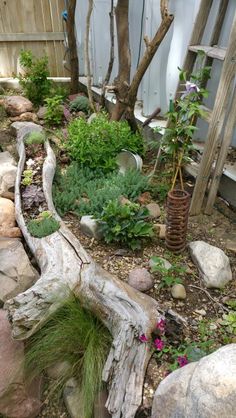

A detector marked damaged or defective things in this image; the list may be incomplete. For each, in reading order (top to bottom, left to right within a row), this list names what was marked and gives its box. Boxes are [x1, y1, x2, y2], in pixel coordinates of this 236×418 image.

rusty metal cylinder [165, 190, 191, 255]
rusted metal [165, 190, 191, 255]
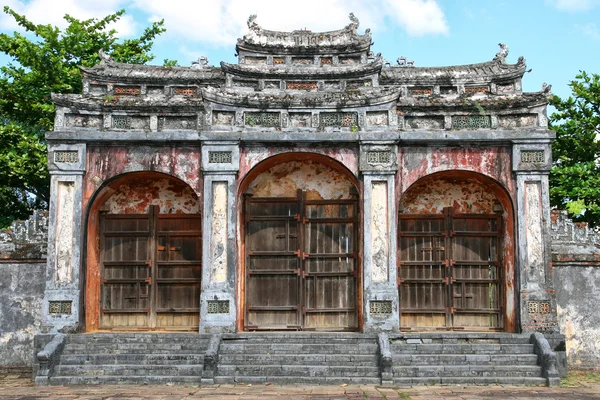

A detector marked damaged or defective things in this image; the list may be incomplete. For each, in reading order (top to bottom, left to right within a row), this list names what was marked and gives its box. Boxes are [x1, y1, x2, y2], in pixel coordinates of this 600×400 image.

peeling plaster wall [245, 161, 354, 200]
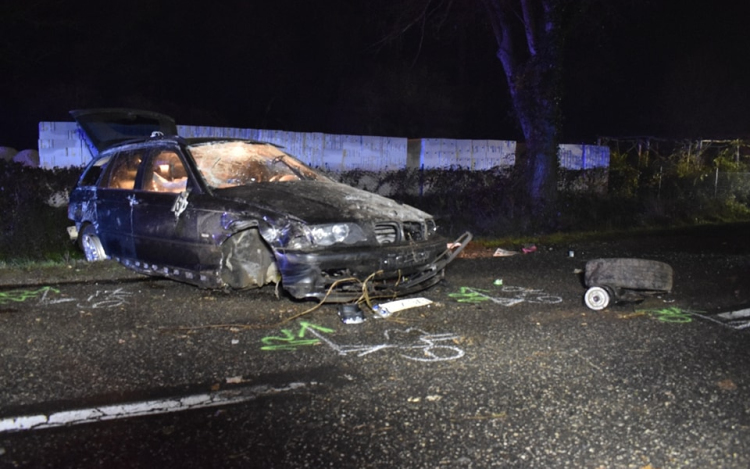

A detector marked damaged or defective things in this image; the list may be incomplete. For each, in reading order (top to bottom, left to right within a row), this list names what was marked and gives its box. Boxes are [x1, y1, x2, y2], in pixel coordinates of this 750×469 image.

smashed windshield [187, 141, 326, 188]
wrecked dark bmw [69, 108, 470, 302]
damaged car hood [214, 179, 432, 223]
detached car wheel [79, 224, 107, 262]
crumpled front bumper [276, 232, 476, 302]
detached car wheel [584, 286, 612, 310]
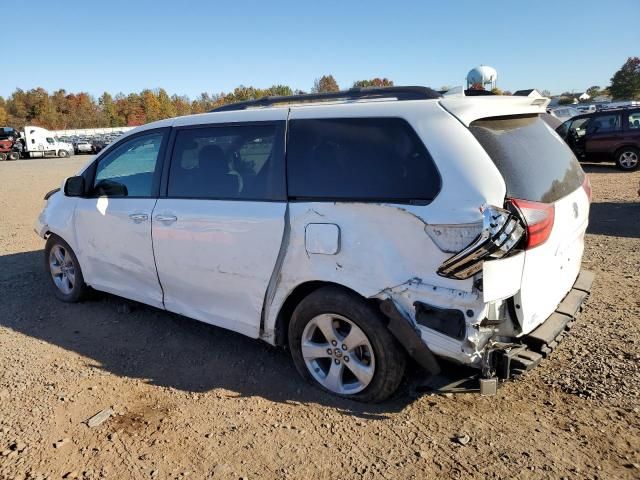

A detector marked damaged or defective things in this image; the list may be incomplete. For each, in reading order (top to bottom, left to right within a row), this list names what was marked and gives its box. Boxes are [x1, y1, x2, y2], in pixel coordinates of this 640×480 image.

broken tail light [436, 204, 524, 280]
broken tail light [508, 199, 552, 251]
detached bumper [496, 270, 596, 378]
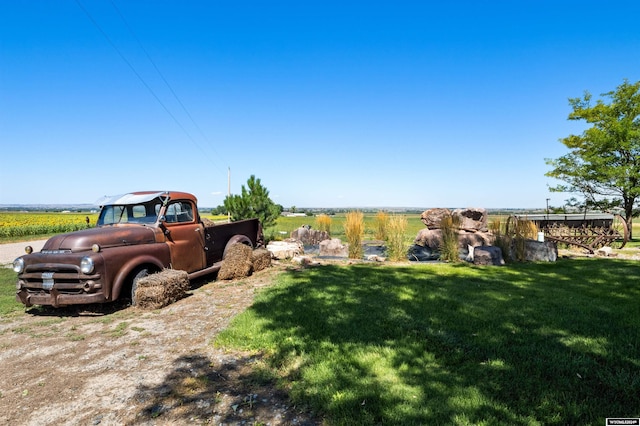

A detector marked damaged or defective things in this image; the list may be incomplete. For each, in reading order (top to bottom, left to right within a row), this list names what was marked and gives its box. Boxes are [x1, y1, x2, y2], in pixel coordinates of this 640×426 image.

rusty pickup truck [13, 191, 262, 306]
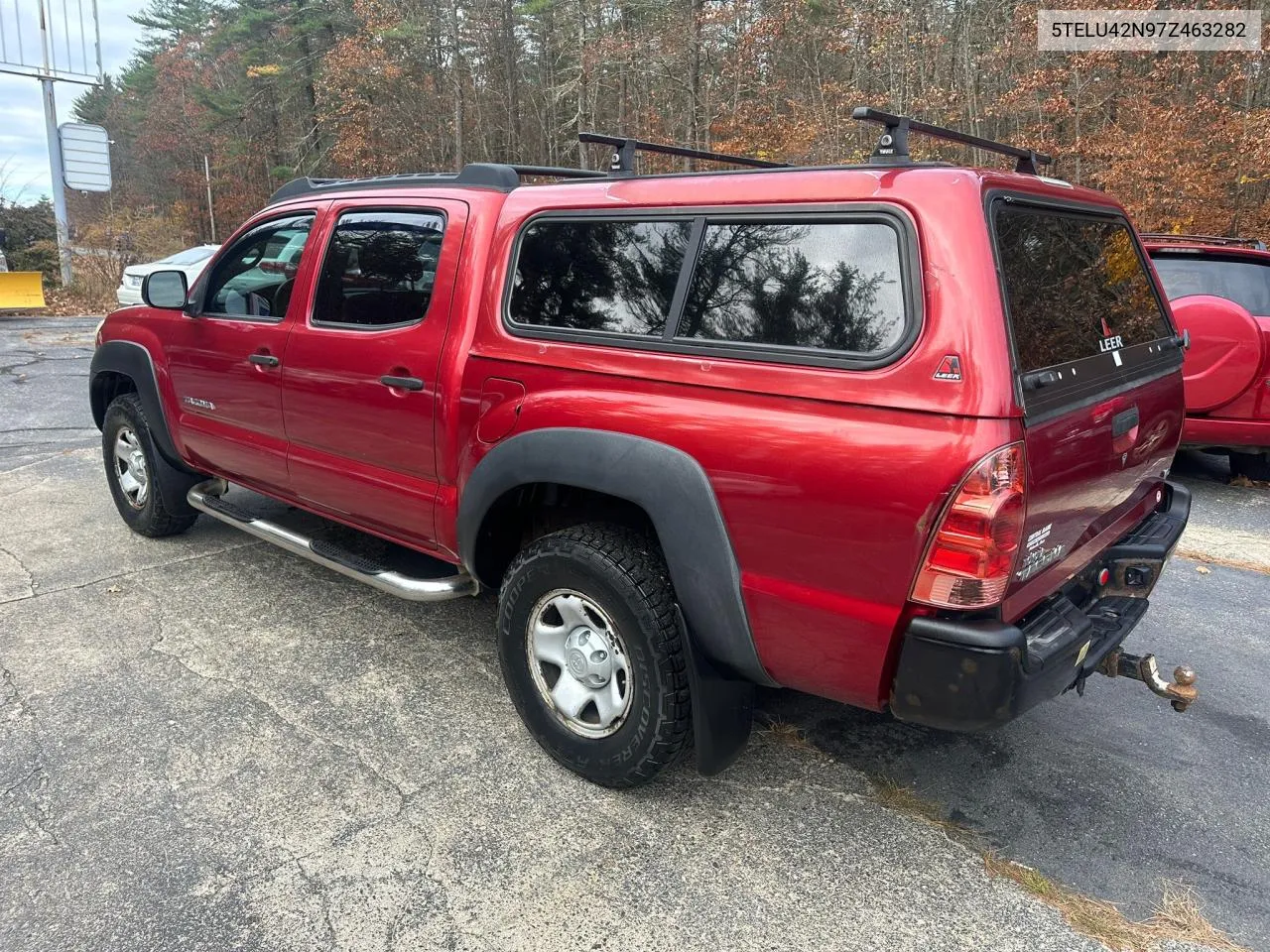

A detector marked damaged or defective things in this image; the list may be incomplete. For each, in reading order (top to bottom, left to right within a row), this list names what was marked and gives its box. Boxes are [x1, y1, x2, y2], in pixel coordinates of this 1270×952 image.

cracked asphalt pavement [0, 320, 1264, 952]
---
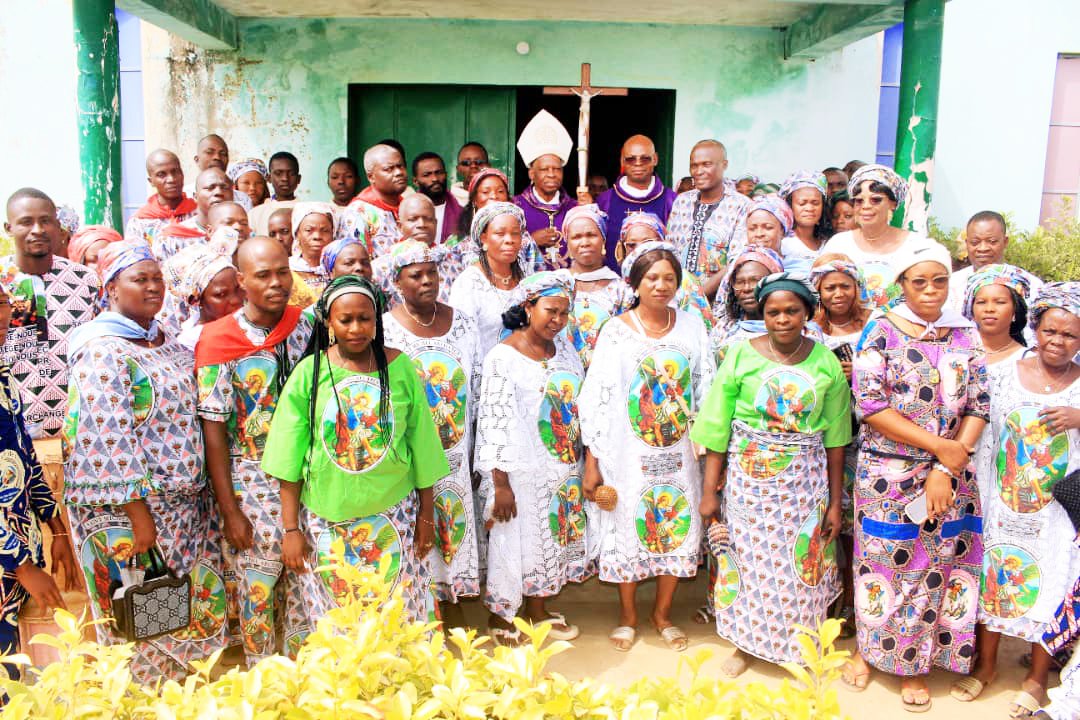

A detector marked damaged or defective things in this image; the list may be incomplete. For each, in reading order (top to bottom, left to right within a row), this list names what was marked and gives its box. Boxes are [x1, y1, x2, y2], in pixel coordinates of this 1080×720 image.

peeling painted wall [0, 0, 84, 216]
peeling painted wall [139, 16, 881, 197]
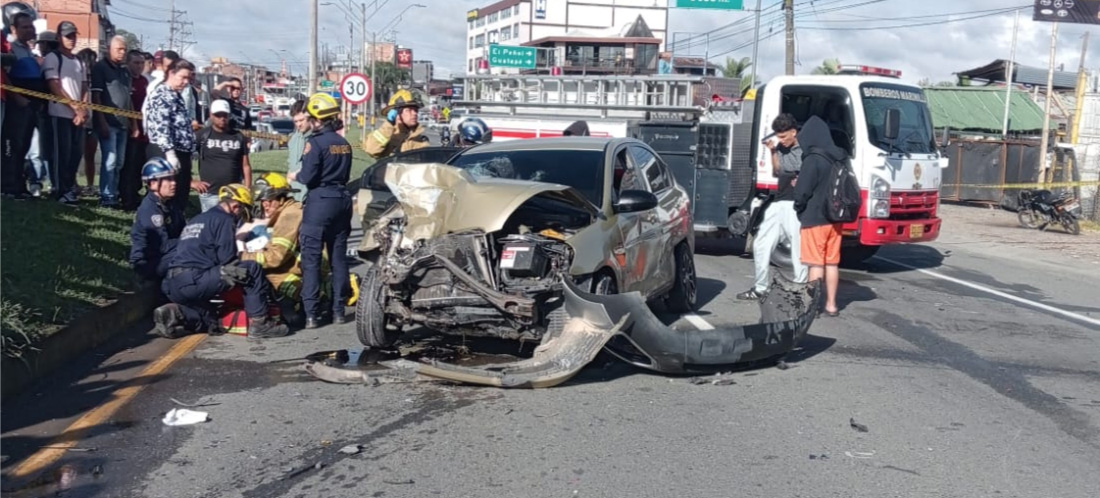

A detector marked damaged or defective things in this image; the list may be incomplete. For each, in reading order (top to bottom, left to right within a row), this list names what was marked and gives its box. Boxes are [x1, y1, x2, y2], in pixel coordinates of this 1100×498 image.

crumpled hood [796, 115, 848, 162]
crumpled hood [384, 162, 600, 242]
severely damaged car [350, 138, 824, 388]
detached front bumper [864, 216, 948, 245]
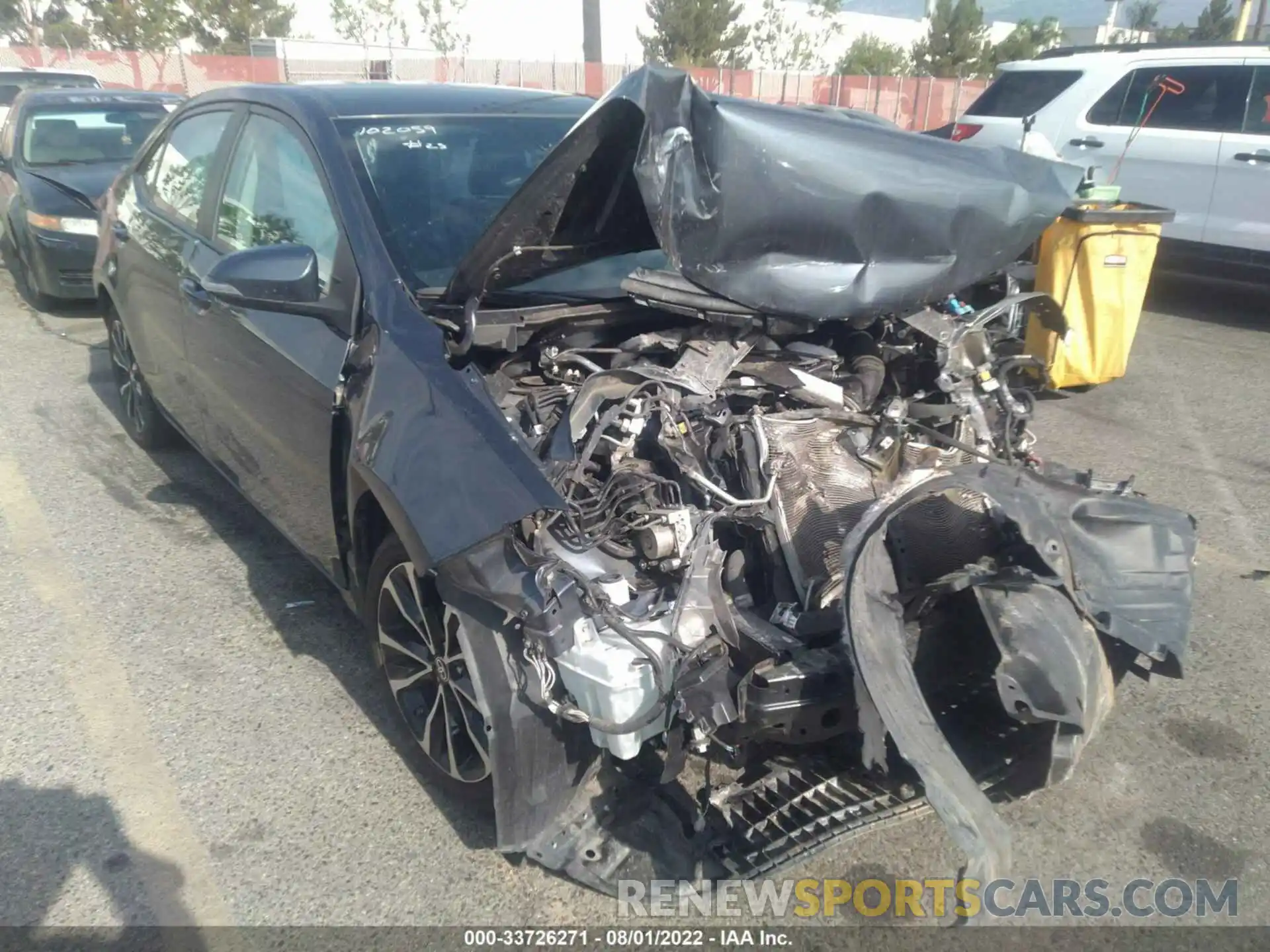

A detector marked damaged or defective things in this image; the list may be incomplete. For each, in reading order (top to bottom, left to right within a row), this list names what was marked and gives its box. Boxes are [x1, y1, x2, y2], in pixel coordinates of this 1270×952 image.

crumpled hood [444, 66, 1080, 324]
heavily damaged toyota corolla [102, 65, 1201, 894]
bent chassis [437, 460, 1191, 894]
==
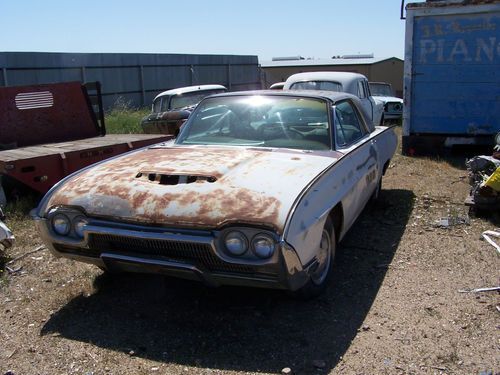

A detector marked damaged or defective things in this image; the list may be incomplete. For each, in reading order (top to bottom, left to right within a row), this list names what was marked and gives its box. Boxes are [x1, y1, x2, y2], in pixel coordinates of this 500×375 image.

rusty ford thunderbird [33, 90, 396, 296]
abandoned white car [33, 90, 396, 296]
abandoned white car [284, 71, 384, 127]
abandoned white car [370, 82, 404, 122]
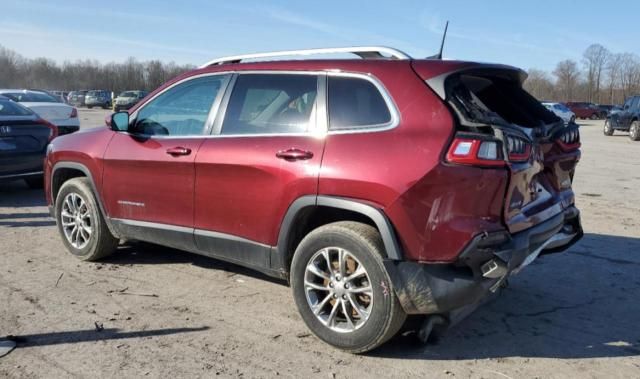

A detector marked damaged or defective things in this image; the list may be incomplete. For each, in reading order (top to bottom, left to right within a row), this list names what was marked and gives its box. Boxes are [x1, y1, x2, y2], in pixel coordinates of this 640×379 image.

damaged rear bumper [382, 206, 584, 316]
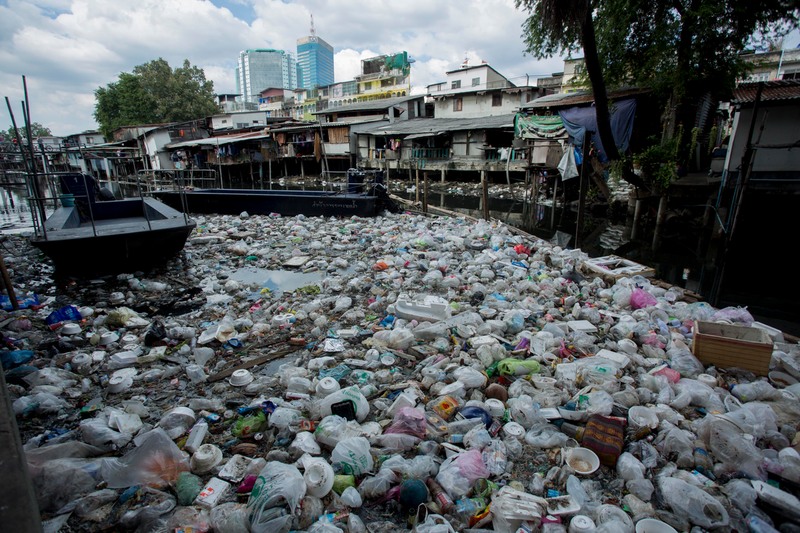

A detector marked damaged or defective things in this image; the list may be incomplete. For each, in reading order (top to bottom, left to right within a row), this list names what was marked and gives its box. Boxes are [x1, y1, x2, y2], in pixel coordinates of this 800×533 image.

What is required: The result should be an exact copy of only the lines above from the one that holds "this 640×379 image." through the one that holds "this 800×533 image.", both ends included, without pictures.

Answer area:
A detector marked damaged or defective things in this image; the list may be incomplete. For each, in reading order (top to bottom, left to right within a row), this list names what was marked and gives its box. Boxes are [x1, y1, x2, y2], in pixel coordinates of this 640×379 image.

damaged rear bumper [382, 206, 584, 316]

A detector marked damaged or defective things in this image; the list may be incomplete. For each, in reading order (top to bottom, left to right within a row), this list names what was marked and gives its box. Boxes are [x1, y1, x2, y2], in pixel coordinates of this 800×533 image.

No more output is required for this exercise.